__ABOUT THIS EXERCISE__. Set every entry down again exactly, excluding any pictures.

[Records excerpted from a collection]

● ● ● ●

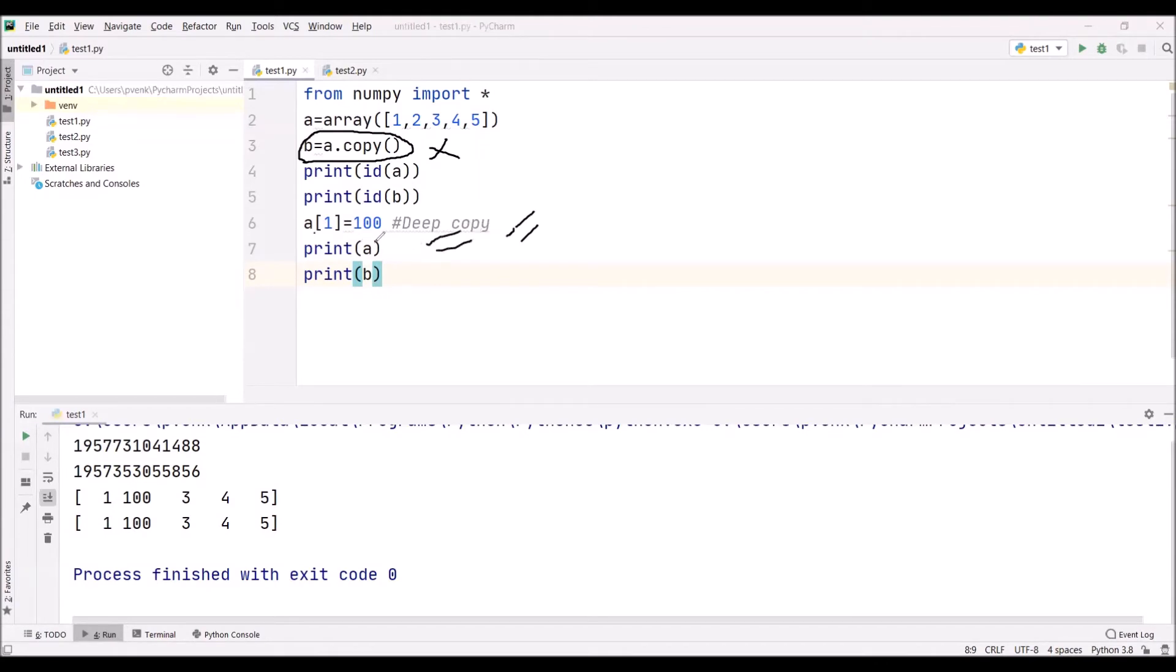Now I am changing the value in array a to 100. The first index value I am changing to 100. If whatever I have said is correct, then the values of b should not be changed.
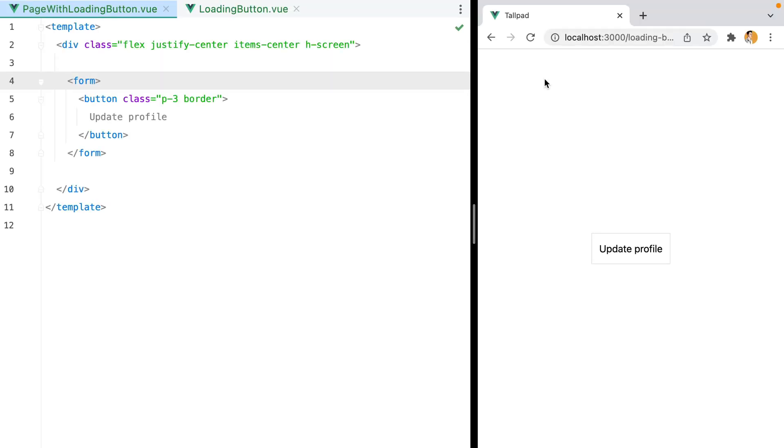Loading buttons. We need them in every project. We submit the form, it takes a while to finish, so we need to display a spinner or something as feedback that says, hey, I'm working, give me a second to complete.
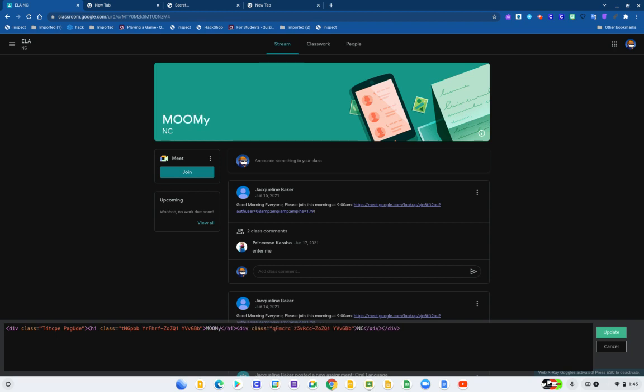I'm changing the name. So this is how you can get Inspect Element on your Chromebook. Please, if you are new here, check out my YouTube videos.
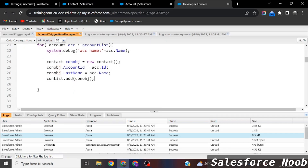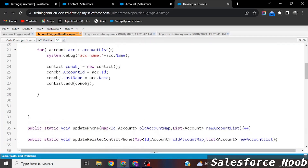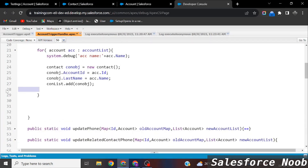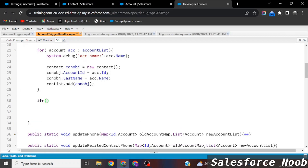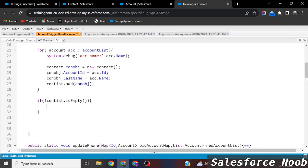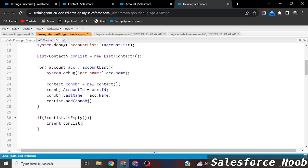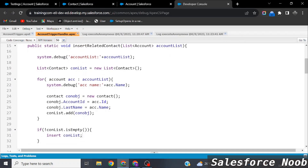We do not perform DML operations inside the for loop — that is not a best practice. Instead, we come outside the loop and check whether `conList` is empty. If the list is not empty, we insert it: `insert conList`. That completes our logic.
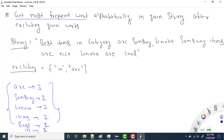Hey everyone, welcome to Coding Simplified. Today we'll look at a new string question. It's very important, so let's understand it step by step.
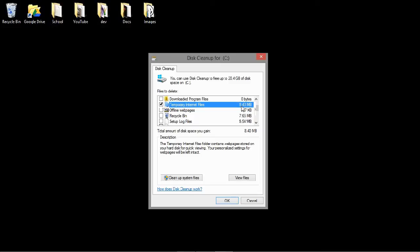So if you would want to delete them, you would just have that selected and press OK. I'm not going to do it since I don't want to delete them, but this was just to show you how to access it in Windows 8. Thank you for watching.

● ● ● ●

__ANSWER TO THIS EXERCISE__.
Now I am changing the value in array a to 100. The first index value I am changing to 100. If whatever I have said is correct, then the values of b should not be changed.
Loading buttons. We need them in every project. We submit the form, it takes a while to finish, so we need to display a spinner or something as feedback that says, hey, I'm working, give me a second to complete.
I'm changing the name. So this is how you can get Inspect Element on your Chromebook. Please, if you are new here, check out my YouTube videos.
We do not perform DML operations inside the for loop — that is not a best practice. Instead, we come outside the loop and check whether `conList` is empty. If the list is not empty, we insert it: `insert conList`. That completes our logic.
Hey everyone, welcome to Coding Simplified. Today we'll look at a new string question. It's very important, so let's understand it step by step.
So if you would want to delete them, you would just have that selected and press OK. I'm not going to do it since I don't want to delete them, but this was just to show you how to access it in Windows 8. Thank you for watching.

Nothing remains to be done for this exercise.